What went wrong with the wheels you had?


----------



## scottr (Jun 15, 2007)

FJH , have you checked the bands that dive for the lateral curve with a flat bar and light ?


----------



## FJH (Jun 15, 2007)

redprospector said:


> Just a shot in the dark, but check your band wheel bearings. Mine went bad, and I almost went nuts before I figured it out. Your problem sounds similar.
> 
> Andy


Thats a possiblity! the wheels seem to spin free with no movment side ways!
They ar tapered roller 3/4 ton truck hubs!


----------



## flht01 (Jun 15, 2007)

FJH said:


> ...brand new blades work perfect...



Am I understanding this right, new blades cut perfect and the resharps are the problem?

Who's doing your resharpening?


----------



## FJH (Jun 15, 2007)

YES! correct new blades Have been working fine for the first 2-3 hours!(I have been told that 2-3 hours is All I can expect from these blades in fir!)

My resharpe guy is a real fuss budget!(I BELEIVE) He is a perfection freak!
He sets and sharpens As needed and has done an excellent job for me so far I even took three blades back to him after a pass or 2 and had him redo them to make sure his machine wasn't messing things up! He sets with a tooth by tooth jig not an auto setter 23 to 28 thou offset on 042 blades Ect.Beleive me we have checked the blades!

(I have to beleive its somthing with the mill!)
I will pull thw wheels and check the bearings possibly this weekend and check that out!

Being home made I realize its hard for you guys to give accuate trouble shooting but any info is better than none! 

Also I have looked into the curvature thing and (IF) I'm Doing it right They apear flat! No crown top or bottom!

In the meantime
Keep the Ideas ,questions and thoughts coming!

Thanx Guys
Fred


----------



## flht01 (Jun 15, 2007)

I think if it were me, I'd send a few of the problem blades to Cook's saw and have them resharpened. If the new blades are working good for you and the resharps aren't, having another facility resharpen a few to test would help narrow the problem down to either blades or the mill.

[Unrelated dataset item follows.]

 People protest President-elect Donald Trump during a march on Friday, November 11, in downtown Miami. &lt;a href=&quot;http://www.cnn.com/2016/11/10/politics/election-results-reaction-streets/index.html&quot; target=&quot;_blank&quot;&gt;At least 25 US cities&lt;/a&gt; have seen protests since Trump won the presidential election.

Not trying to imply your resharpening service isn't up to par, but having another facility look them over might help.


----------



## MJR (Jun 15, 2007)

I am by no means an expert, but I can tell you about my experience with a diving blade milling Norway spruce. I took the top cant off and then took the second cant off. I then noticed the prettiest wave pattern in the cut. I could not believe the blade could dive into a log that deep. I changed the blade and made a nice smooth cut. Being a man of science I put the old blade back on. I then made the second prettiest wave pattern I ever seen. I put the new blade back on and made a nice smooth cut. 
I was trying to get one more log out of the blade before I changed it. Instead I wasted the log, but learned a lot. I seem to get about 4hrs. on a Lenox Wood Master Blade milling Spruce. Again, I have only milled 38 Norway Spruce logs (yes I am counting) and don’t claim to be an expert.
You may want to look into finding a second source for sharpening your blades. From the looks of your mechanical skills based on your mill, I would bet if there was something wrong with the mill you would have noticed it by now. If it is a mill issue shouldn’t also affect a new blade? Best of luck…


----------



## FJH (Jun 15, 2007)

MJR said:


> I am by no means an expert, but I can tell you about my experience with a diving blade milling Norway spruce. I took the top cant off and then took the second cant off. I then noticed the prettiest wave pattern in the cut. I could not believe the blade could dive into a log that deep. I changed the blade and made a nice smooth cut. Being a man of science I put the old blade back on. I then made the second prettiest wave pattern I ever seen. I put the new blade back on and made a nice smooth cut.
> I was trying to get one more log out of the blade before I changed it. Instead I wasted the log, but learned a lot. I seem to get about 4hrs. on a Lenox Wood Master Blade milling Spruce. Again, I have only milled 38 Norway Spruce logs (yes I am counting) and don’t claim to be an expert.
> You may want to look into finding a second source for sharpening your blades. From the looks of your mechanical skills based on your mill, I would bet if there was something wrong with the mill you would have noticed it by now. If it is a mill issue shouldn’t also affect a new blade? Best of luck…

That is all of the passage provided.